Die Sparkasse Dinslaken-Voerde-Hünxe machte vor knapp einem Jahr Schlagzeilen. Das Geldhaus brauchte dringend mehr Eigenkapital. Jetzt kommt die Rettung – durch eine Fusion.
18.12.2015 - 12:12 Uhr
Die Sparkasse Dinslaken geriet durch mehrere faule Kredite in Schwierigkeiten und machte zuletzt einen Verlust. Quelle: dpa
Sparkasse Dinslaken-Voerde-Hünxe

Die Sparkasse Dinslaken geriet durch mehrere faule Kredite in Schwierigkeiten und machte zuletzt einen Verlust.

(Foto: dpa)

Frankfurt Verhandelt wurde schon lange. Nun sind der Zusammenschluss der Verbands-Sparkasse Wesel und der Sparkasse Dinslaken-Voerde-Hünxe besiegelt, die entsprechend Verträge wurden unterzeichnet: Zum 1. Januar firmieren sie als Niederrheinische Sparkasse Rhein-Lippe, wie die „Rheinische Post“ berichtet. Die weiteren Fusionsschritte folgen dann im Jahresverlauf.
Der Chef der Sparkasse Wesel, Friedrich-Wilhelm Häfemeier, sprach von einem „historischen Tag“. Ein Dreivierteljahr wurde um den Zusammenschluss gerungen. Die fusionierte Sparkasse kommt auf eine Bilanzsumme von knapp 3,3 Milliarden Euro und würde damit unter den Top-100-Sparkassen landen.

Eine ganz gewöhnliche Fusion ist es nicht: Die Sparkasse Dinslaken geriet durch mehrere faule Kredite in Schwierigkeiten und machte zuletzt einen Verlust. Das Ergebnis der normalen Geschäftstätigkeit war 2014 negativ: minus 10,7 Millionen Euro. „Mit dem Geschäftsergebnis des Jahres 2014 sind wir nicht zufrieden“, heißt es denn auch im Jahresabschluss. Die wirtschaftlichen Verhältnisse der Sparkasse seien „als nicht ausreichend zu bewerten“.
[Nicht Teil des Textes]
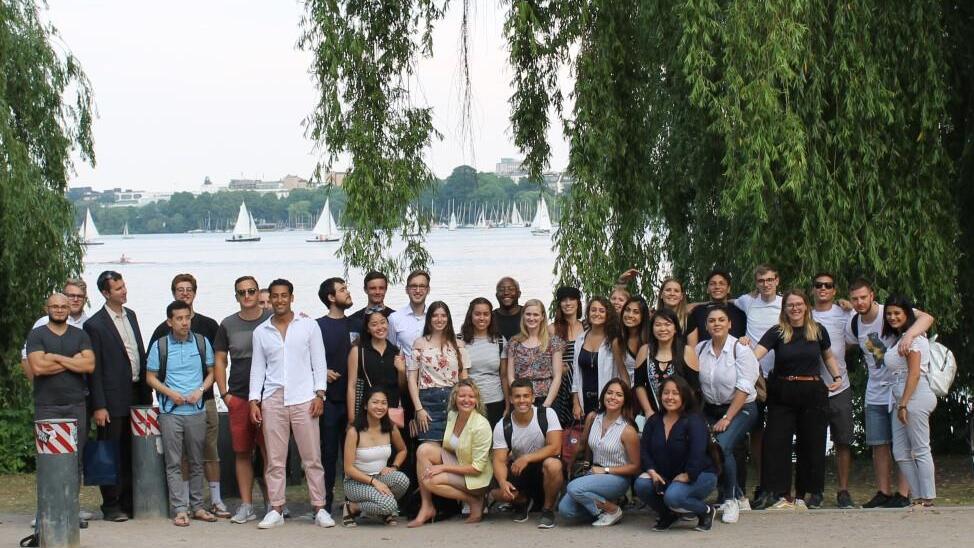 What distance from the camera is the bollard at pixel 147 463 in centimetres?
1056

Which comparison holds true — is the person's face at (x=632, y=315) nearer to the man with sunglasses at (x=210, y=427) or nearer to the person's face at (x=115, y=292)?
the man with sunglasses at (x=210, y=427)

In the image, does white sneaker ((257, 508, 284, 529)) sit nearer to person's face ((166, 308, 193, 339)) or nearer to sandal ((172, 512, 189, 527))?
sandal ((172, 512, 189, 527))

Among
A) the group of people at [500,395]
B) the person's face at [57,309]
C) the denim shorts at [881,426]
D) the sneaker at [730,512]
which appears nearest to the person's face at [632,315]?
the group of people at [500,395]

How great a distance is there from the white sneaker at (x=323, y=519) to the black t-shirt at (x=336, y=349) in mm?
883

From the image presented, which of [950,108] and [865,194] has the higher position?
[950,108]

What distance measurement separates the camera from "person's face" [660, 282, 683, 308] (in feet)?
35.7

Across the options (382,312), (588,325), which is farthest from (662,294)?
(382,312)

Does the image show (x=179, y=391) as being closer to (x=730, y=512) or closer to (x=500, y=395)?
(x=500, y=395)

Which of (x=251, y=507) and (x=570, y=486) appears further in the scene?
(x=251, y=507)

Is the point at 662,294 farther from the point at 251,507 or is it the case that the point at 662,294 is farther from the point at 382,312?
the point at 251,507

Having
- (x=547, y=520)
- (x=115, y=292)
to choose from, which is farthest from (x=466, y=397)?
(x=115, y=292)

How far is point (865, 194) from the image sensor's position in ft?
39.5

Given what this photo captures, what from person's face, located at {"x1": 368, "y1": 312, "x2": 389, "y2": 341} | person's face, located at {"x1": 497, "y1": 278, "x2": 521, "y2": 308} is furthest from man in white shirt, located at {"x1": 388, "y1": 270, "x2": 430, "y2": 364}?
person's face, located at {"x1": 497, "y1": 278, "x2": 521, "y2": 308}

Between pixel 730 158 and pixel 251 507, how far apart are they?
4.80 m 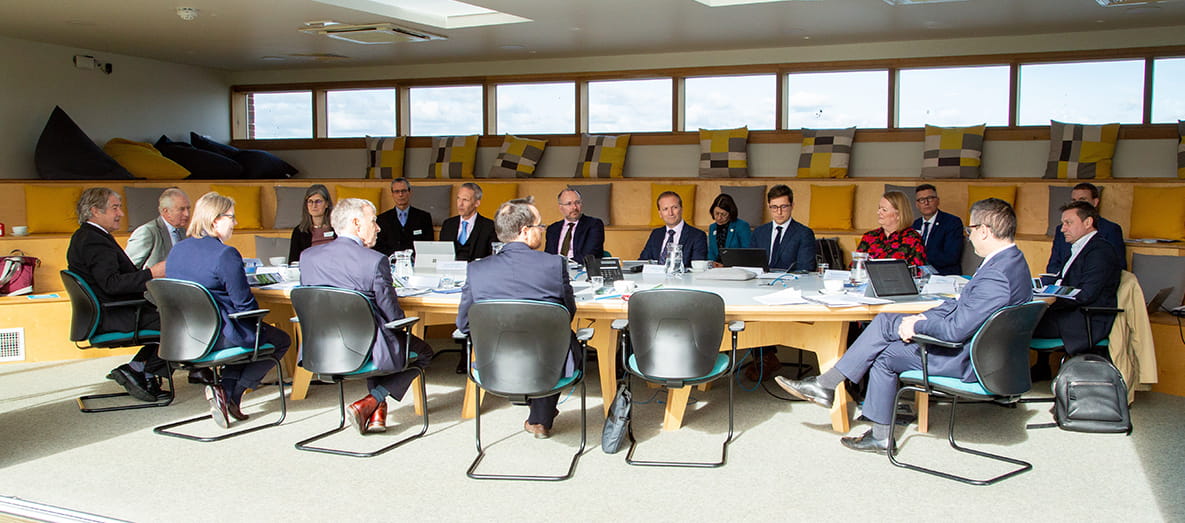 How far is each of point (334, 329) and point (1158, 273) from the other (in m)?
5.56

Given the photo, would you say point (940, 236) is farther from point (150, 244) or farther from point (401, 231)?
point (150, 244)

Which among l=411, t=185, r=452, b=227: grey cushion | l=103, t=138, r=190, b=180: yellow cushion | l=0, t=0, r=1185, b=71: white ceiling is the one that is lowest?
l=411, t=185, r=452, b=227: grey cushion

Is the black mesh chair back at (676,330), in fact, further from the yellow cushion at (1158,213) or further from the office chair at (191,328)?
the yellow cushion at (1158,213)

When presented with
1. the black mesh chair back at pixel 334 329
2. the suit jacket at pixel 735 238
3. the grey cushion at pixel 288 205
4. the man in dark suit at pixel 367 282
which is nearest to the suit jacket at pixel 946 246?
the suit jacket at pixel 735 238

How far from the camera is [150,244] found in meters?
5.72

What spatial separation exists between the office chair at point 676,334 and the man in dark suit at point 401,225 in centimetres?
362

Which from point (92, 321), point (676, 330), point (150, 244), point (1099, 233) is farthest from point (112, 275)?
point (1099, 233)

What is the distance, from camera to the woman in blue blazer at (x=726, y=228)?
21.5 feet

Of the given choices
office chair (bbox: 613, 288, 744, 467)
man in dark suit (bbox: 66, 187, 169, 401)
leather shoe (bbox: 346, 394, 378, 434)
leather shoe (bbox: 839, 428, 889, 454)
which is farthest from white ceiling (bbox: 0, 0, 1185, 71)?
leather shoe (bbox: 839, 428, 889, 454)

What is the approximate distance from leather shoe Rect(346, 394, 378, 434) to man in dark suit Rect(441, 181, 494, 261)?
2263 millimetres

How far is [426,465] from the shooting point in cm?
401

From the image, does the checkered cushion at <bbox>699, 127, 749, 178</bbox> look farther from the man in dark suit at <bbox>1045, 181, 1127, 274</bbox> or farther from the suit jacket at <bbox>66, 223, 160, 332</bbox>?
the suit jacket at <bbox>66, 223, 160, 332</bbox>

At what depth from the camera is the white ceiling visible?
7.26 meters

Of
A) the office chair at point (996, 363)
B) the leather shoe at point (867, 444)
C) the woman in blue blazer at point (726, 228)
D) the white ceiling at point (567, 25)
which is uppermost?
the white ceiling at point (567, 25) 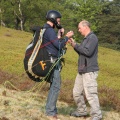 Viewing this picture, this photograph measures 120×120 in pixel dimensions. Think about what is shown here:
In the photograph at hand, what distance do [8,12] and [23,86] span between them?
58.4 m

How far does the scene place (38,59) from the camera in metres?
7.81

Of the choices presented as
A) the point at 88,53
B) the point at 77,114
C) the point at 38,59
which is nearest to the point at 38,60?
the point at 38,59

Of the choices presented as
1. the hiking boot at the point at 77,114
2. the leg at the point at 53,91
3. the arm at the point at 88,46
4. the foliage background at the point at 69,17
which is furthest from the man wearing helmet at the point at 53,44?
the foliage background at the point at 69,17

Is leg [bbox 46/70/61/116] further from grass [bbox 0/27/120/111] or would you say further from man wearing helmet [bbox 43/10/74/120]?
grass [bbox 0/27/120/111]

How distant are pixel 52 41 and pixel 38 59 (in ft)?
1.64

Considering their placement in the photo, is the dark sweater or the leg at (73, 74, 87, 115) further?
the leg at (73, 74, 87, 115)

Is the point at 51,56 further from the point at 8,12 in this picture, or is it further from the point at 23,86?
the point at 8,12

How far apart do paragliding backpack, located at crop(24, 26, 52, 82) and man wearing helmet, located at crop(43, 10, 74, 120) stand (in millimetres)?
120

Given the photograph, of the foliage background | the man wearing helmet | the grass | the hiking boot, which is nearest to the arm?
the man wearing helmet

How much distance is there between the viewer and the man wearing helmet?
308 inches

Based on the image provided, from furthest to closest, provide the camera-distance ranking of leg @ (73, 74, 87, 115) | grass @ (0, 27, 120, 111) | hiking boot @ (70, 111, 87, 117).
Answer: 1. grass @ (0, 27, 120, 111)
2. hiking boot @ (70, 111, 87, 117)
3. leg @ (73, 74, 87, 115)

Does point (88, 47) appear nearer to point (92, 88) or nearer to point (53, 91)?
point (92, 88)

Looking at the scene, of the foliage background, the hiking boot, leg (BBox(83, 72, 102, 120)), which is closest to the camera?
leg (BBox(83, 72, 102, 120))

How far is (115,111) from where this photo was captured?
413 inches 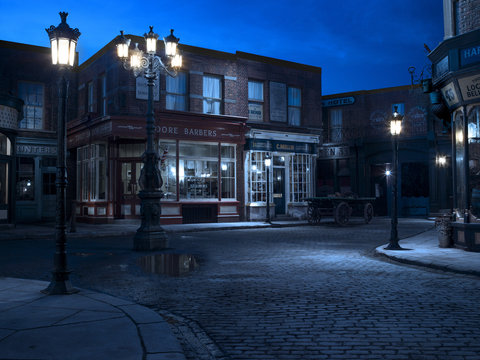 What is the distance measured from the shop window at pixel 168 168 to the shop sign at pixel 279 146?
13.1 feet

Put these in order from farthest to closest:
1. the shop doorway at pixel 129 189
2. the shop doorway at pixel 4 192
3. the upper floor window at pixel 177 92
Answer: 1. the upper floor window at pixel 177 92
2. the shop doorway at pixel 129 189
3. the shop doorway at pixel 4 192

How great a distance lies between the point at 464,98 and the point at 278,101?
1422cm

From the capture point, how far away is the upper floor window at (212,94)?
74.2ft

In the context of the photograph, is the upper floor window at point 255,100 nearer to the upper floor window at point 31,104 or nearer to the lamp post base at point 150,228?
the upper floor window at point 31,104

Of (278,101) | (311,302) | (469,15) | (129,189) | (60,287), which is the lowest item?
(311,302)

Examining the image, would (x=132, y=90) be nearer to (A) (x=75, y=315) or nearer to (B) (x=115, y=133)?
(B) (x=115, y=133)

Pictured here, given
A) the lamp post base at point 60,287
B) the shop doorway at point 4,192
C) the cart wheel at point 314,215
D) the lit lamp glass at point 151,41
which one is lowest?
the lamp post base at point 60,287

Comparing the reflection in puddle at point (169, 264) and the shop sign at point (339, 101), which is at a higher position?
the shop sign at point (339, 101)

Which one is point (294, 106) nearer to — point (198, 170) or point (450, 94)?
point (198, 170)

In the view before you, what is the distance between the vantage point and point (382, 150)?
2966cm

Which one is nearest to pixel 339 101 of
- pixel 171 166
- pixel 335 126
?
pixel 335 126

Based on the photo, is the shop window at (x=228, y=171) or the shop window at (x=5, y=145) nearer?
the shop window at (x=5, y=145)

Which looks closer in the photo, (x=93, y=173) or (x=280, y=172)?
(x=93, y=173)

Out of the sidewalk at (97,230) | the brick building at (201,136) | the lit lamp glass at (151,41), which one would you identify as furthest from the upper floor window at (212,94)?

Schon seit einigen Jahren läuft es nicht mehr rund bei dem Geldhaus. 35 Millionen Euro Eigenkapital braucht es, bis spätestens Ende 2016.
Einfach wird die Zukunft auch für das fusionierte Institut nicht – vor allem angesichts der Minizinsen, die Margen vieler Sparkassen erodieren. Wichtigstes Ziel für Häfemeier, so die „Rheinische Post“, sei es, „die Niedrigzinsphase zu überleben“.